Alors, aujourd’hui je vais vous parler du film Monsieur Flynn, réalisé par Paul Weitz en 2012. C’est un drame inspiré d’une histoire vraie, centré sur la relation entre un fils — un jeune écrivain un peu paumé — et son père absent, marginal, incarné par Robert De Niro.
Franchement, le film avait de quoi me parler. Le thème est fort : la filiation, la reconstruction personnelle, les blessures qu’on hérite parfois sans l’avoir choisi. Et on sent que le réalisateur a voulu aborder tout ça avec sincérité, sans tomber dans le mélodrame ou le sensationnalisme. C’est plutôt réussi sur ce plan-là. Le film reste digne, humain, et ça, c’est une vraie qualité.

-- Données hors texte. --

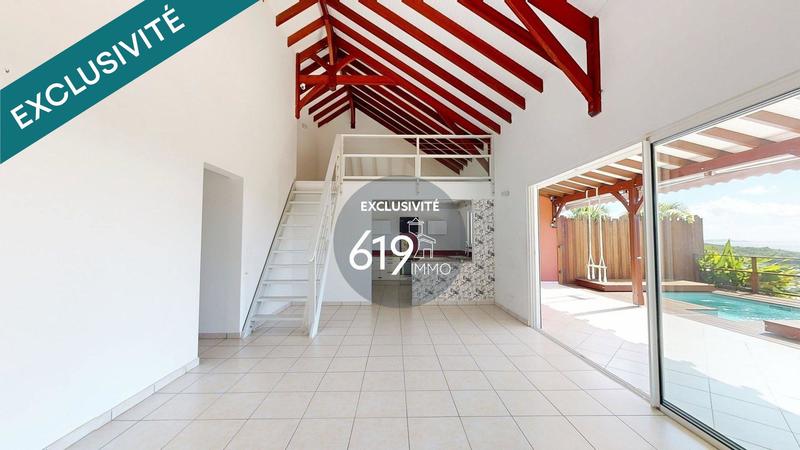Maison - 140 m² - 5 pièces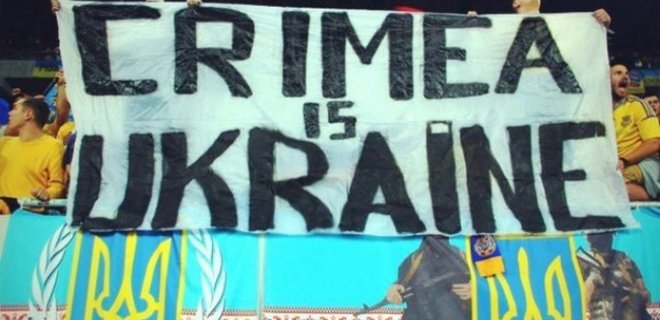 Порошенко и Платини  в Киеве обсудят крымский футбол - ультрас - Фото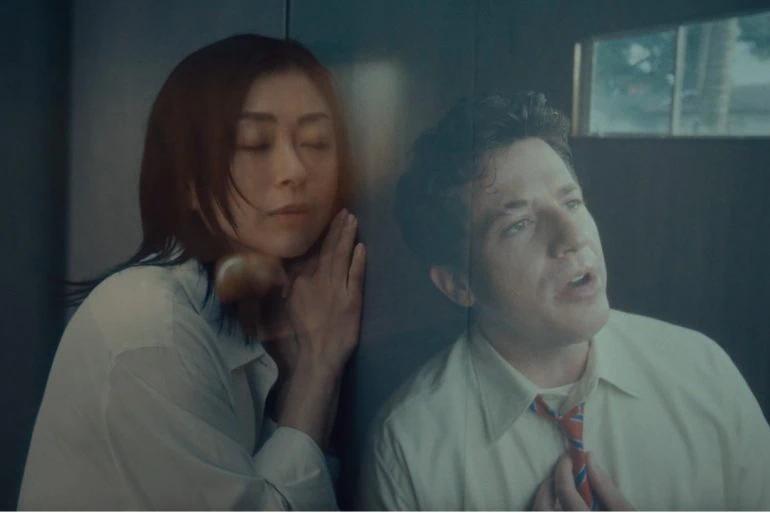 Charlie Puth dévoile Home feat. Hikaru Utada, extrait de Whatever's Clever! 6 Charlie Puth dévoile Home feat. Hikaru Utada, extrait de Whatever's Clever!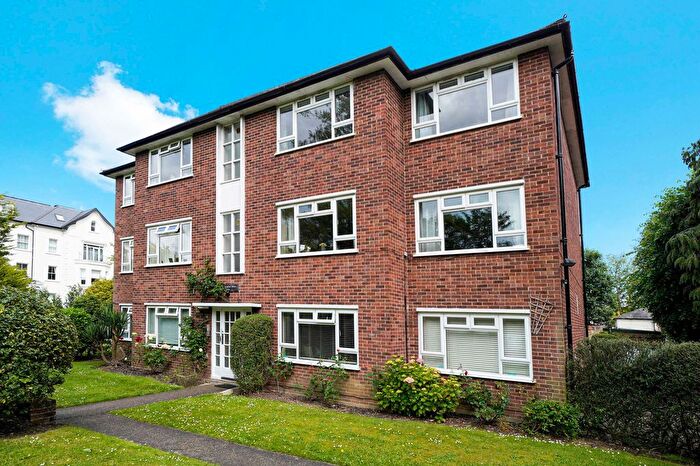 2 Bedroom Flat For Sale In Oak Hill Road, Leighton House Oak Hill Road, KT6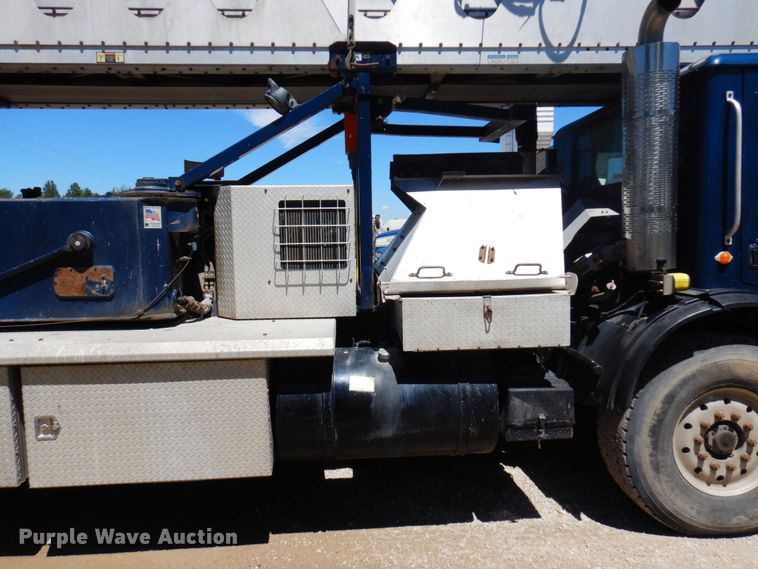 image for item MF9635 2006 Mack MR688S  material conveyor truck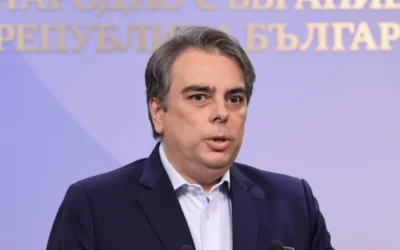 „Знам, че имате достойнство“: Асен Василев призова Доцова за оставка и пита защо Радев мълчи за Колтуклиева (ВИДЕО)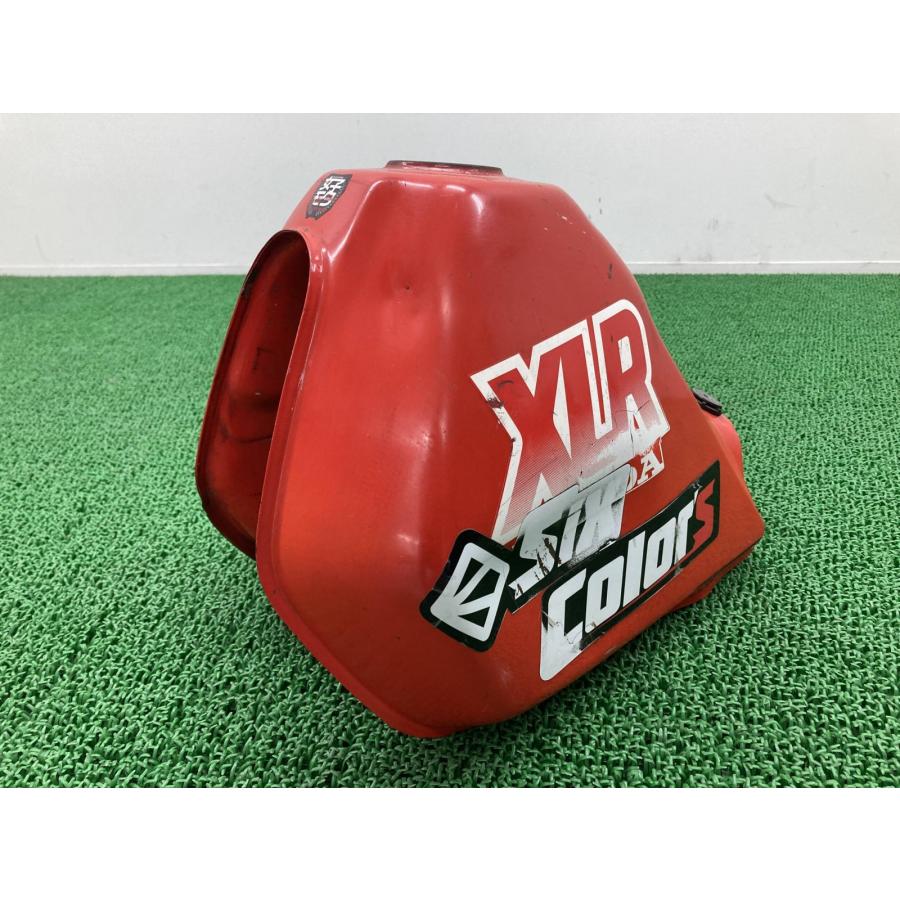 ホンダ（HONDA） XLR250R タンク 赤 純正 中古 バイク 部品 MD22
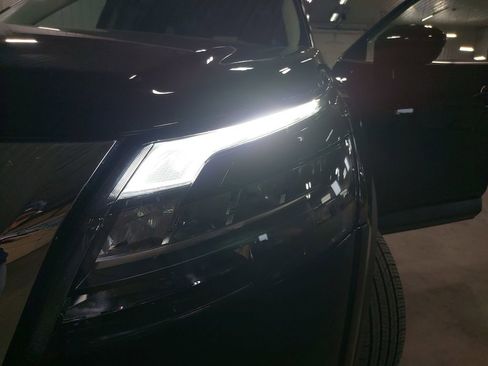 Certified 2025 Nissan Pathfinder S AWD/4WD image 30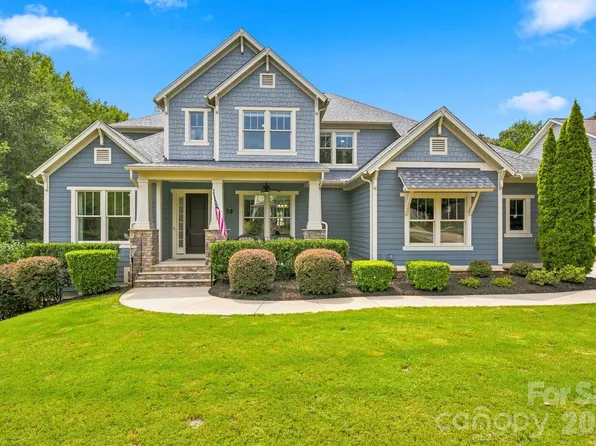 2111 Tatton Hall Rd, Fort Mill, SC 29715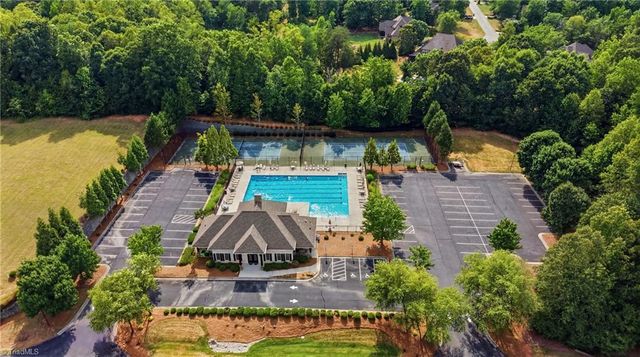 8125 Riesling Drive, Kernersville, NC 27284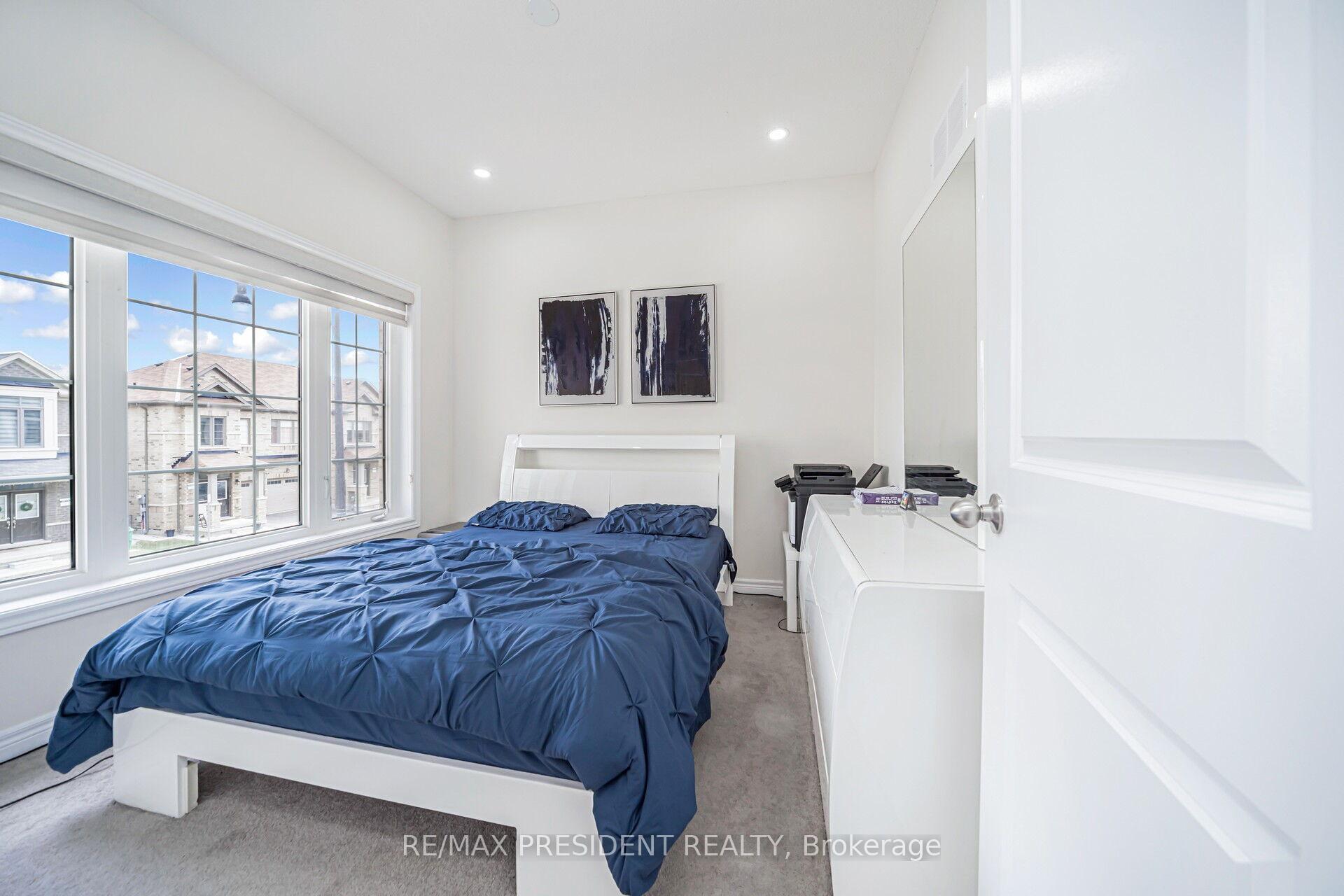 Photo 35 of 25 Adventura Road, Brampton, Northwest Brampton — HOMEH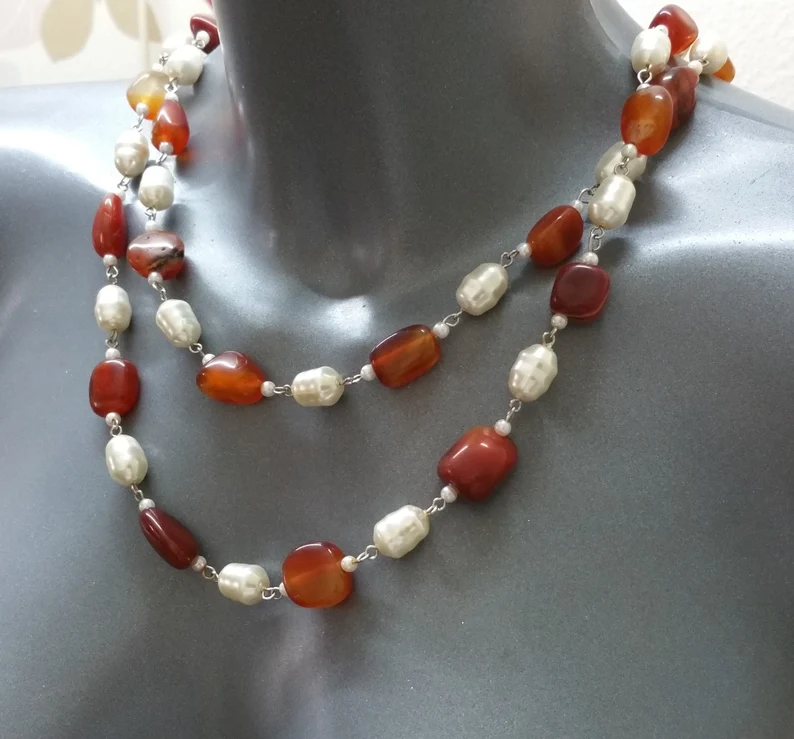 Halskette mit Achat und Perlmutt 126-138 cm EK107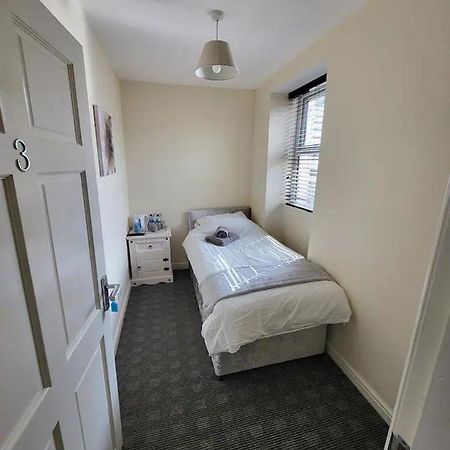 הוליהד Dublin Packet - Single Room 3 מראה חיצוני תמונה
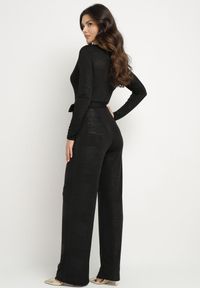 Born2be - Czarny Kopertowy Kombinezon z Wiskozą Zdobiony Wiązanym Paskiem Nalissa. Okazja: na co dzień. Kolor: czarny. Materiał: wiskoza. Długość: długie. Wzór: aplikacja. Styl: elegancki, casual #2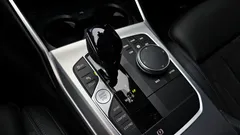 2022 BMW 3-Series 320i M Sport, белый — фото 9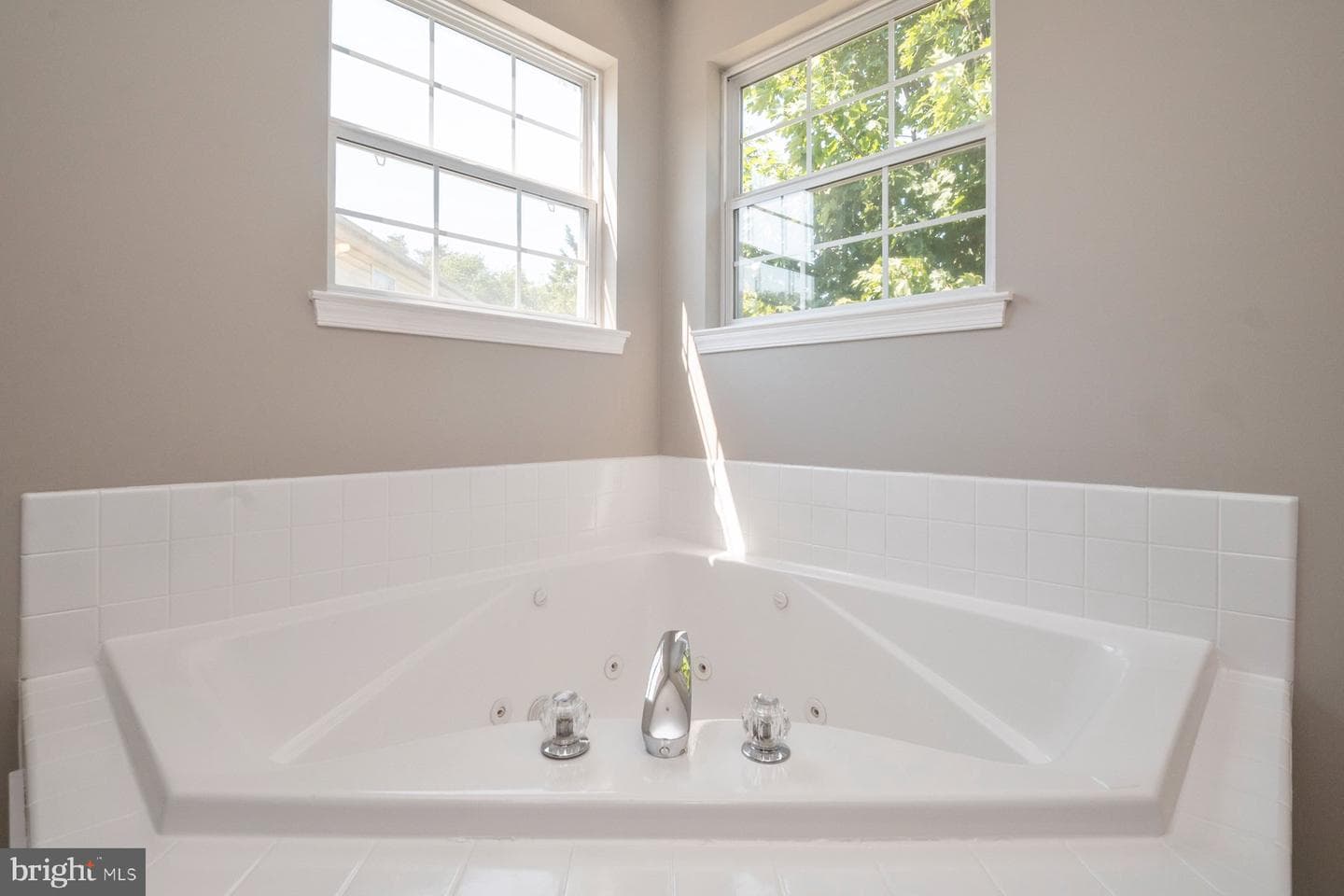 1214 Markham Lane photo 23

Mais voilà, malgré tout ça, je n’ai pas été pleinement convaincu. Il y a un vrai potentiel dans cette histoire, mais je trouve qu’il est sous-exploité. Le film reste trop sage, trop retenu. Il nous tient à distance là où il aurait pu nous impliquer, nous émouvoir davantage.
Côté casting, Robert De Niro fait le job, parfois très juste, mais parfois aussi un peu en roue libre. Son personnage aurait gagné à être plus nuancé. Paul Dano, lui, est touchant, mais son rôle est un peu trop effacé. Et surtout, je trouve que le lien entre les deux n’arrive jamais à créer de vraie tension dramatique. On nous parle d’une relation père-fils complexe, mais à l’écran, cette complexité manque de relief.
Et puis il y a la narration. Le film saute pas mal dans le temps, avec des flashbacks, des ellipses, une structure un peu éclatée. L’idée, je suppose, c’est de refléter le chaos intérieur du personnage principal, mais au final, ça rend le récit confus. On perd un peu le fil, et du coup, on perd aussi une partie de l’émotion.
Alors oui, Monsieur Flynn est un film honnête, respectueux, parfois touchant. Il ne triche pas, il ne tombe jamais dans le pathos. Mais justement, il reste trop en retrait. Il manque de souffle, de prises de risque. C’est un film qu’on regarde avec intérêt, mais qu’on oublie assez vite.
En résumé : j’ai mis 5 sur 10. Pas un mauvais film, loin de là, mais une œuvre qui, à mon sens, passe à côté de ce qu’elle aurait pu être. Sincère, mais inaboutie.